Mac Jones came close on his first career dropback.

After starting the opening drive of his regular-season NFL debut with four consecutive handoffs, the New England Patriots rookie quarterback faced immediate pressure off the edge from Miami Dolphins cornerback Byron Jones, who’d shot past motioning tight end Jonnu Smith. Jones appeared to panic, spiking the ball backward in Smith’s direction as Jones, linebacker Andrew Van Ginkel and defensive tackle Christian Wilkins bore down on him.

A forward spike is an incompletion. A backward one? That’s a fumble. Fortunately for the Patriots, Smith pounced on the ball, limiting the damage to a 13-yard loss.

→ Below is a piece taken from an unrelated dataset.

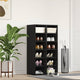 Vidaxx zapatero 54x34x100,5 cm aglomerado roble negro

And rather than a harbinger of more first-game jitters, that proved to be but an early speedbump in an otherwise impressive outing for the first-round draft pick.

Jones, who beat out Cam Newton for the starting job in training camp, completed 29 of 39 passes for 281 yards and one touchdown with no turnovers as the Patriots fell to the Dolphins 17-16 in Sunday’s season opener at Gillette Stadium.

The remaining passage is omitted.